- Theatrical release poster
- Directed by: George McCowan
- Screenplay by: Norman Thaddeus Vane Herbert Wright
- Story by: Peter Jensen Lynette Cahill Norman Thaddeus Vane
- Produced by: John Kemeny
- Starring: Jan-Michael Vincent Marilyn Hassett Chief Dan George
- Cinematography: John Holbrook Reginald H. Morris
- Edited by: O. Nicholas Brown
- Music by: Robert McMullin
- Production company: Columbia Pictures
- Distributed by: Columbia Pictures
- Release date: July 14, 1976;
- Running time: 92 minutes
- Countries: United States Canada
- Language: English
- Box office: $1.5 million (Canada)

= Shadow of the Hawk =

1976 film directed by George McCowan

Shadow of the Hawk is a 1976 horror film directed by George McCowan and written by Norman Thaddeus Vane and Herbert Wright. The film stars Jan-Michael Vincent, Marilyn Hassett, Chief Dan George, Pia Shandel, Marianne Jones and Jacques Hubert.

An international co-production of the United States and Canada, Shadow of the Hawk was shot on location in British Columbia, with West Vancouver and the Lynn Canyon Suspension Bridge used as backdrops throughout. The film was released on July 14, 1976, by Columbia Pictures.

==Plot==

An old Native American Shaman Hawk trains his skeptical grandson Mike to take over for him as the new tribal “Medicine Man” of his small village. Along the way, they battle Hawk's enemies and their black magic.

==Cast==
- Jan-Michael Vincent as Mike
- Marilyn Hassett as Maureen
- Chief Dan George as Old Man Hawk
- Pia Shandel as Faye
- Marianne Jones as Dsonoqua
- Jacques Hubert as Andak
- Cindi Griffith as Secretary
- Anna Hagan as Desk Nurse
- Murray Lowry as Intern

==Release==

===Home media===
The film was released for the first time on DVD by Sony Pictures Home Entertainment on November 1, 2011. It was scheduled to be released on Blu-ray by Mill Creek Entertainment on October 2, 2018, as a double feature alongside Nightwing.

==Reception==

Critical response for Shadow of the Hawk has been mostly negative.
Roger Ebert gave the film two out of four stars, criticizing the film's screenplay, and dialogue. Time Out London panned the film, calling it "A tired, TV-style chase movie", and stated that the film's only point of interest was Chief Dan George's performance.

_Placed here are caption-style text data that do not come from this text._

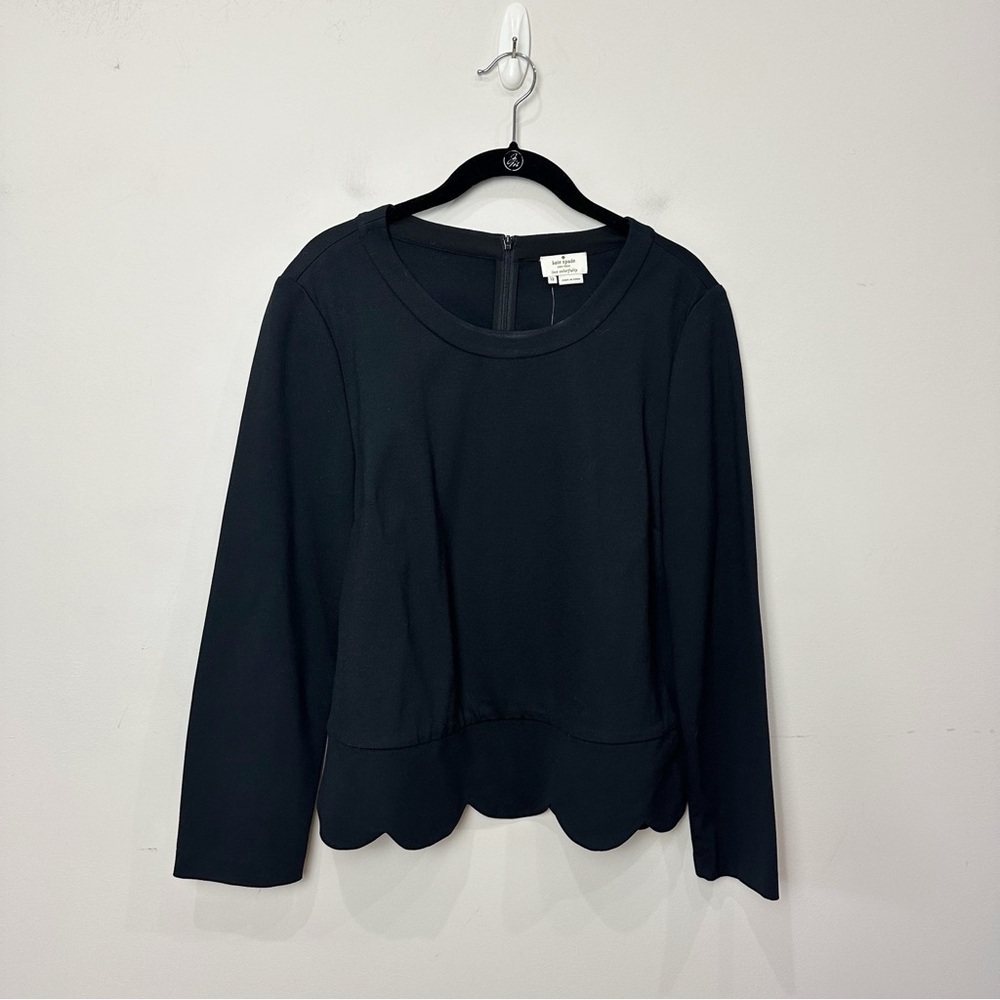 Kate Spade Ponte Scallop Top Black Knit - Picture 3 of 8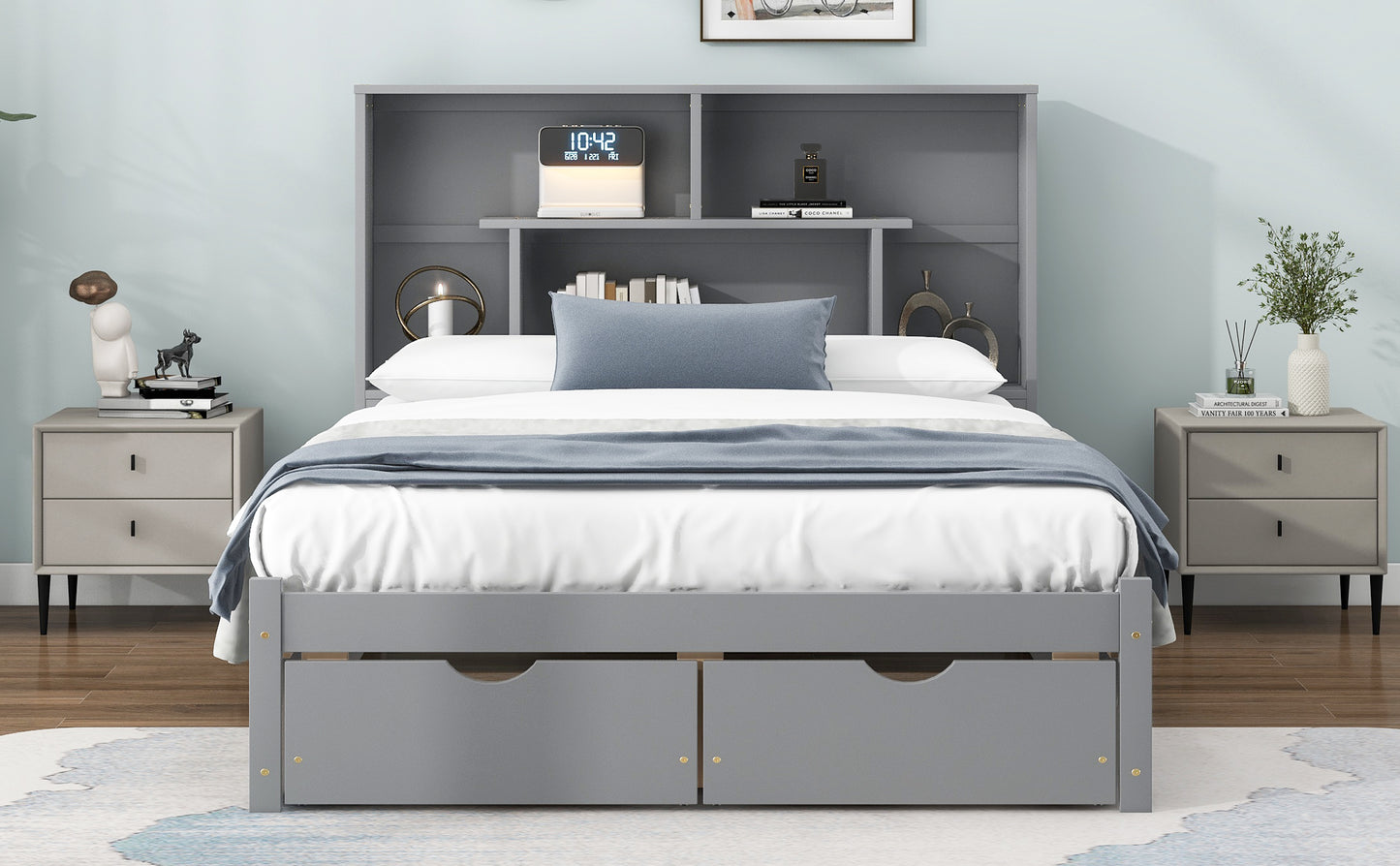 Full Size Platform Bed with Storage Headboard and 2 Drawers, Gray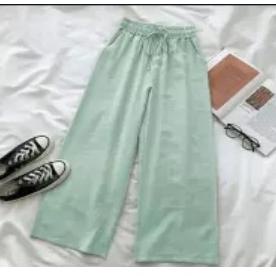 [KODE PRODUK Z9NNP7196] FAEYZA - KULOT BAHAN LINEN WARNA MINT - HIJAU - GREEN - - COD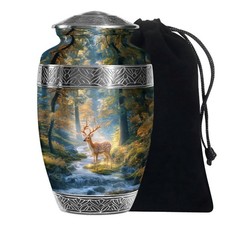 Deer Spiritual Decorative Urn for Human Ashes Adult Male  Female, 10 Inch 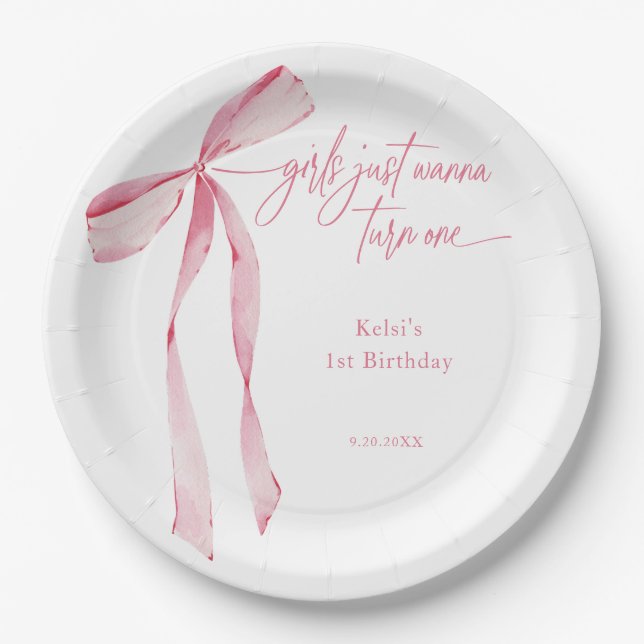 Girls Just Wanna Turn One Pink Bow 1st Birthday Paper Plate (Front)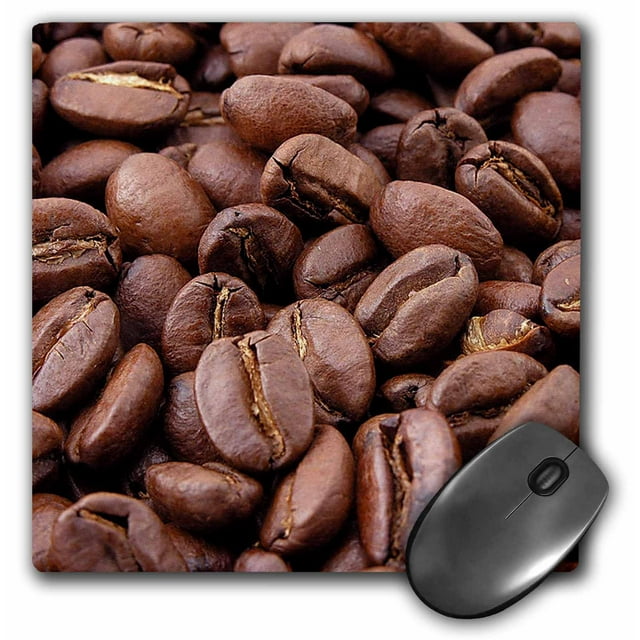 3dRose Coffee Beans - coffee, coffee beans, kitchen art, coffee seeds, roasted beans, roasted coffee beans, Mouse Pad, 8 by 8 inches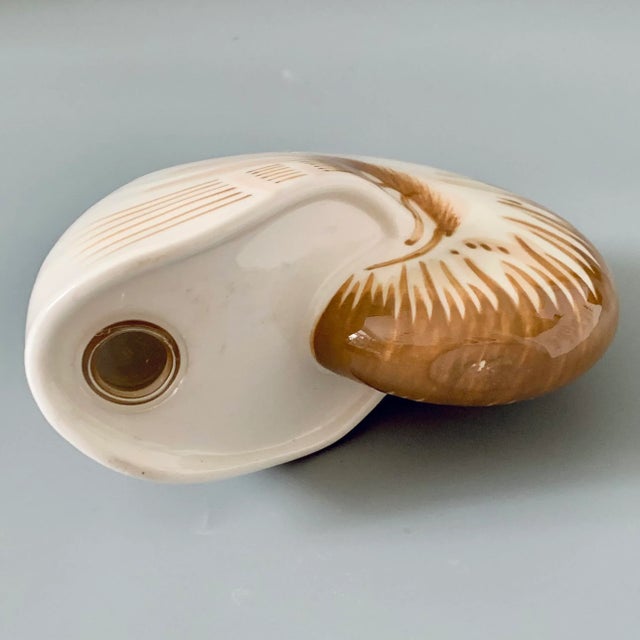 Vintage Coastal Decor Nautilus Shell Sculptural Ceramic Bud Vase For Sale In Miami - Image 6 of 6
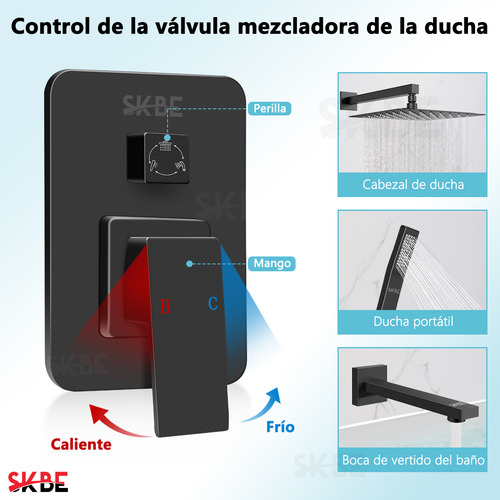 Skbe® Regadera Cuadrada Tipo Lluvia Alta Presión Con Regadera Telefono Y Grifo Del Baño Acero Inoxidable Color Negro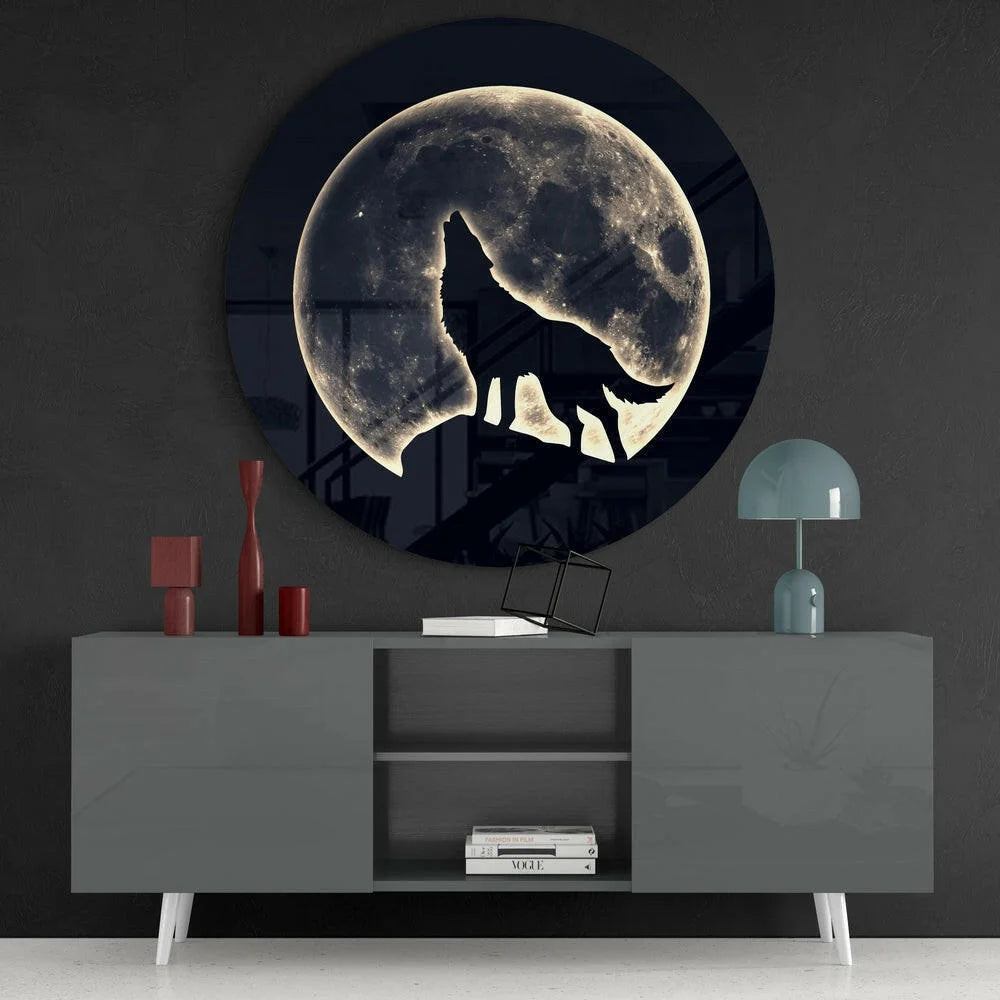 Glowing moon wolf tempered glass art with howling silhouette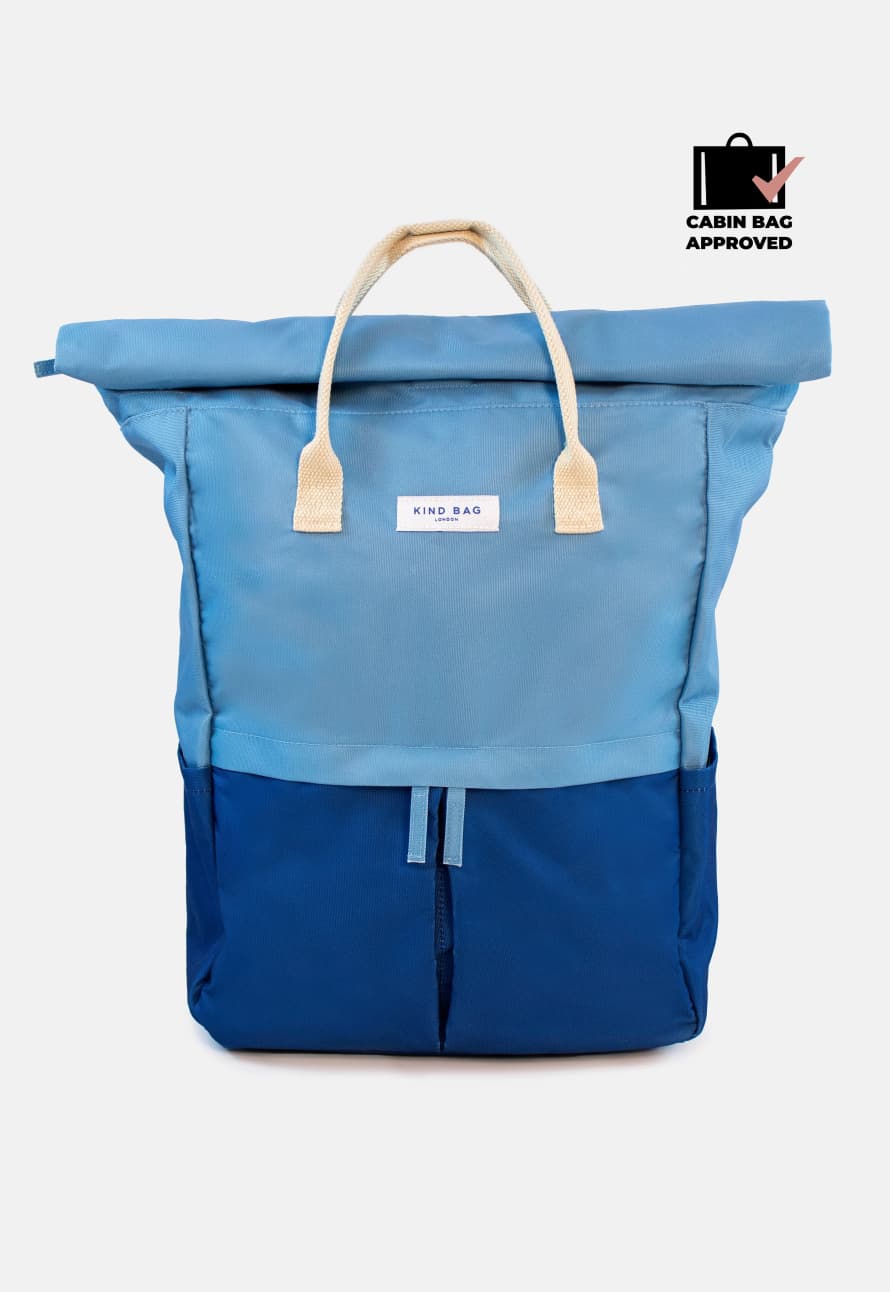 Kind Bag Large Hackney Backpack -  Light Blue and Navy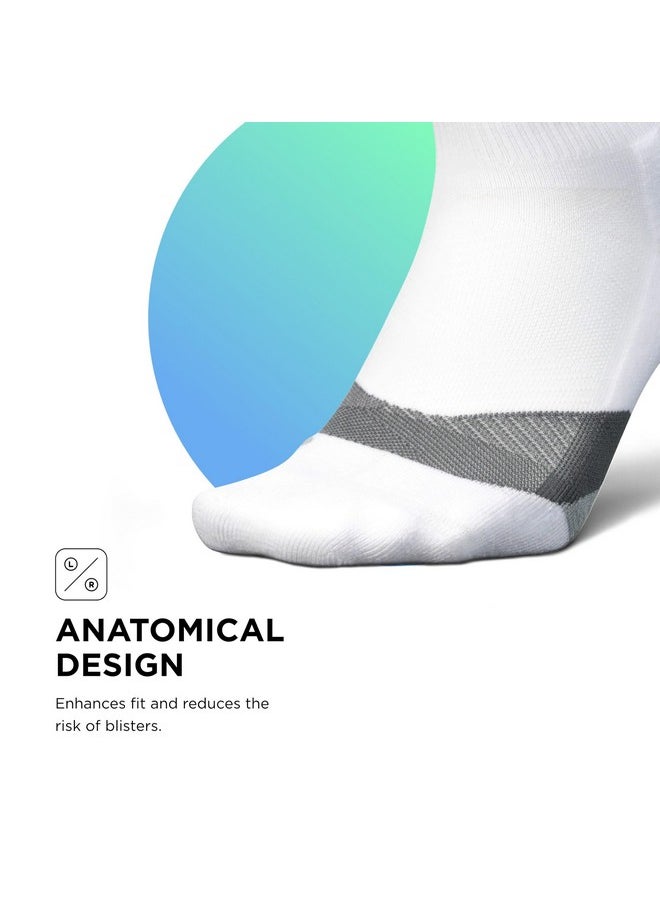 Elite Light Cushion Quarter Solid - Sport Sock With Targeted Compression - New White, L (1 Pair)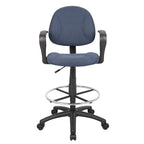 Boss Adjustable Black Loop Arm Drafting Stool with Wheel Casters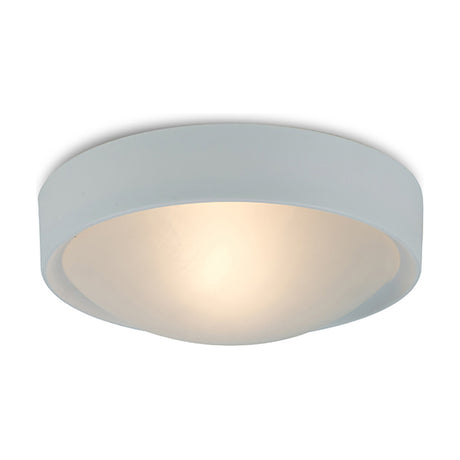 Rondo E27 Flush Ceiling Light 24cm in White, a round fixture with a white iron frame and frosted glass shade glowing softly, shown on a plain white background.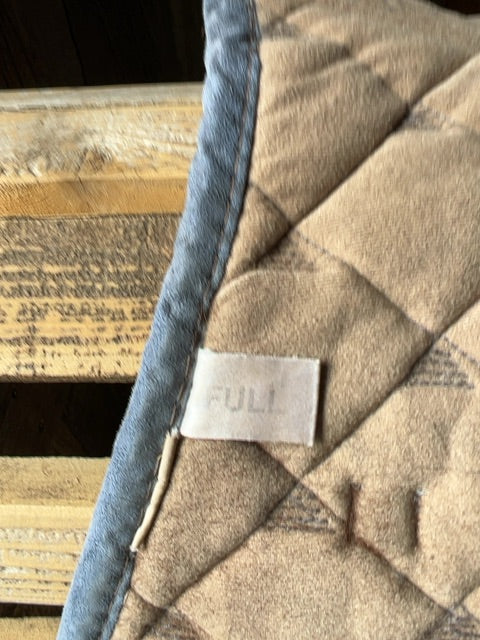 Blue with White Piping Roma Saddle Pads, Full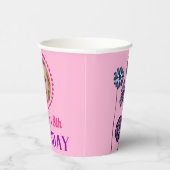 Persoonlijke naam & foto roze bloemen verjaardag papieren bekers (Rechts)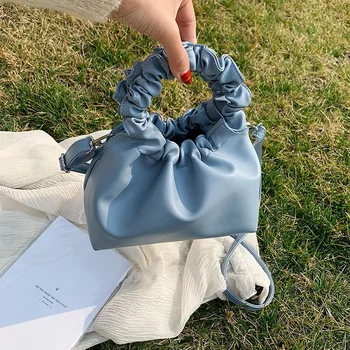 

Tote Bags For Women 2020 Vintage Handbags Solid Color Summer Crossbody Shoulder Bag Lady Cloud Pouch Female Soft Leather Clutch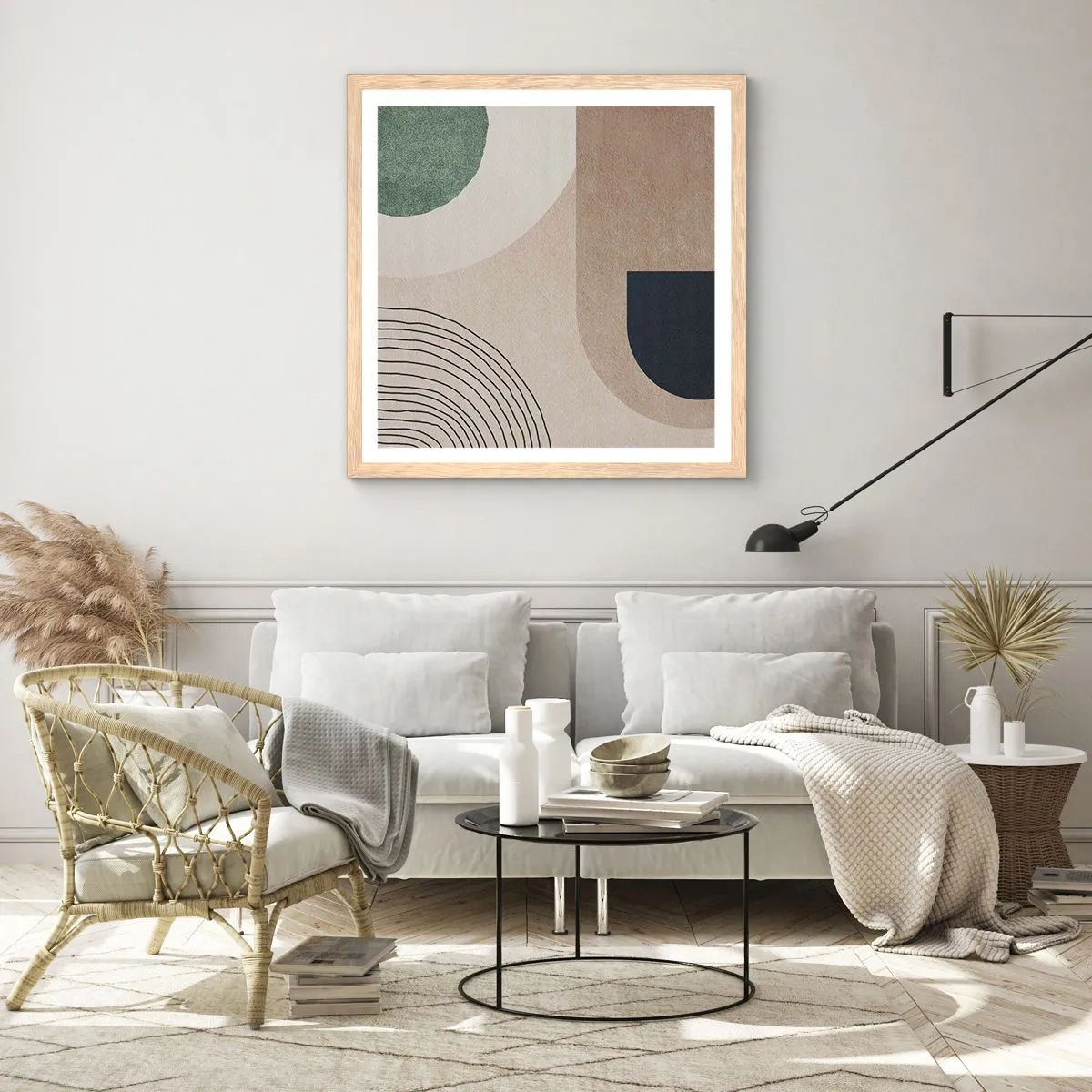 Affiche dans un chêne clair - Poster - La douceur de l'ovale - 40x40 cm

Alternately, Kurt Dahlke of DVD Talk gave the film a more positive review, commending the film's imagery, and special effects, while also noting the occasional "static pacing", and what he called "dueling-eye-closeups".

The film was the third-highest-grossing English language Canadian film of all time in Canada with a gross of $1.5 million.